Exemplary embodiments do not require user to wear additional sensors which could interfere with user's performance.

Exemplary embodiments of the present disclosure include a method for stress detection using kinematic data, wherein the method comprises: inputting the kinematic data into a model; determining if the kinematic data from a user belong to a class of sub-movements associated with known signatures found to highly correlate with when the user is experiencing motor degradation due to high psychological stress versus a normal class of movements where the user is unaffected by stress; and training the model by iteratively updating parameters of the model to minimize error between a prediction and a ground-truth label through backpropagation. In certain embodiments of the method, the parameters comprise weights and biases. In particular embodiments of the method, the weights and biases are in cells of a long-short-term-memory (LSTM) recurrent neural network. In some embodiments of the method, the weights and biases are in fully-connected layers.

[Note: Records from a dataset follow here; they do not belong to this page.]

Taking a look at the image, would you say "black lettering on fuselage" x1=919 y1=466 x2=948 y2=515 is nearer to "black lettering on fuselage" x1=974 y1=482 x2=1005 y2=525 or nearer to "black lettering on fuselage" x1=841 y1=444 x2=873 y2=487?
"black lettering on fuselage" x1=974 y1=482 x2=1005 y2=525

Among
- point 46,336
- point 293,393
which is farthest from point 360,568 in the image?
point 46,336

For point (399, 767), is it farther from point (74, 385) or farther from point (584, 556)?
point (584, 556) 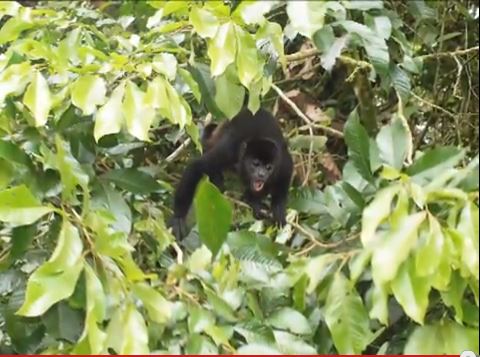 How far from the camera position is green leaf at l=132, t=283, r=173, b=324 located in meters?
1.39

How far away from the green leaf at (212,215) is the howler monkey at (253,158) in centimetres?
141

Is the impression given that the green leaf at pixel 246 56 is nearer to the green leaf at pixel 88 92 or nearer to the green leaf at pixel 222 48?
the green leaf at pixel 222 48

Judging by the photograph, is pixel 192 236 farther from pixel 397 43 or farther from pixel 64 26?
pixel 397 43

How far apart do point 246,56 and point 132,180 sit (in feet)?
1.45

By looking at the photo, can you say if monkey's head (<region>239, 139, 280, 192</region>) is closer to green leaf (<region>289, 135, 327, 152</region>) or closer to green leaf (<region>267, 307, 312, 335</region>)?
green leaf (<region>289, 135, 327, 152</region>)

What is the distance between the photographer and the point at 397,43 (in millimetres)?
2645

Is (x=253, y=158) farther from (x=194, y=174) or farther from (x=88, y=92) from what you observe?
(x=88, y=92)

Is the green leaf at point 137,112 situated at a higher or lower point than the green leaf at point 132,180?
higher

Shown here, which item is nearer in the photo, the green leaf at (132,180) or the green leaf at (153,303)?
the green leaf at (153,303)

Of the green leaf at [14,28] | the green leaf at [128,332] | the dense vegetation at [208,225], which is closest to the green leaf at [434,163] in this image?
the dense vegetation at [208,225]

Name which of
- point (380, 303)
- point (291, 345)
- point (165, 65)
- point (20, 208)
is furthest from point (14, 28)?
point (380, 303)

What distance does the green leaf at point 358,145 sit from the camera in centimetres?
168

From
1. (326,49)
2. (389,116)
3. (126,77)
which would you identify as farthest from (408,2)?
(126,77)

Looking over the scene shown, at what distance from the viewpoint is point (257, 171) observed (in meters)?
3.13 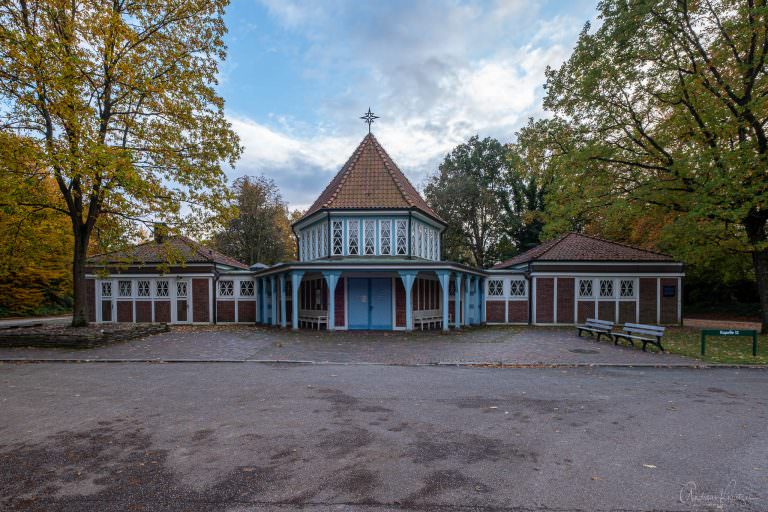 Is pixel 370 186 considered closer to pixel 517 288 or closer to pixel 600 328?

In specific embodiments of the method the backpropagation comprises: (1) inputting the kinematic data to the model to make the prediction; (2) calculating the error between the prediction and the ground-truth label; (3) propagating the error backwards through the LSTM recurrent neural network and fully-connected layers; and (4) updating the weights and biases of the model using optimization methods. Certain embodiments of the method further comprise repeating steps (1)-(4) multiple times. In particular embodiments of the method, steps (1)-(4) are repeated until the error between the prediction and ground-truth label in minimized.

In specific embodiments of the method, an importance is assigned to different time steps in an input sequence of kinematic data. In certain embodiments of the method, the importance is assigned to different time steps in the input sequence of kinematic data based on the relevance of the weights and biases to a final classification task.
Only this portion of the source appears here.